UPDATE: Over at Post Carbon Institute, Richard Heinberg has taken exception to the IMF’s too-easy conflating of “subsidies” and “externalities.”  He says this leaves the impression that the imbalance is as easily rectified by policy as is the ending of an actual subsidy; in fact, it will be much harder than that:

The IMF evidently wants policy makers to think fossil fuels are harmful and costly. Good: that’s true, and it’s helpful to know. It would be even better if this prestigious economic organization were to admit that eliminating the local pollution and global climate impacts of our current energy regime will require policy makers to do the very thing they least want to do: curtail and reverse economic growth. This in turn would probably entail redesigning financial and monetary systems so they do not require growth, supplementing GDP with quality-of-life indicators, rationing energy with a tradable quota system, enacting policies to gradually reduce population, and directing an ever-increasing share of continuing fossil fuel consumption to the industrial processes necessary to build the slower, more localized, renewable energy infrastructure of the future.

Evidently the IMF wants to spoon-feed its audience a little truth at a time. Only the easy bits are suitable now. It will save the hard truths for . . . when, exactly?
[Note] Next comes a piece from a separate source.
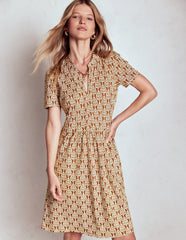 Boden Naomi Short Sleeve Dress - Cognac, Ornate Geo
We’re not quite as certain that no-growth is the only way forward, though we do agree with Richard that systemic change is necessary, including creating ways to thrive without the inflated growth rates of the past.  Getting a real price on carbon is of course key, as is radically reducing our overall ecological footprint.  Our two alternative resilient investing strategies, Close to Home and Evolutionary, certainly respond to Richard’s concerns: Close to Home actions build the local economy—and enduring relationships—while reducing your reliance on the out-of-balance global system, and the Evolutionary strategy is very much about regenerative investing in land and habitats (with important tangible returns), as well as being part of the ephemeralization of much of the future economy—which should help us keep the economy thriving while using far fewer fresh resources.  All that said, it is indeed time to get past these easy headline-grabbing formulations and tackle the more difficult systemic change that is called for.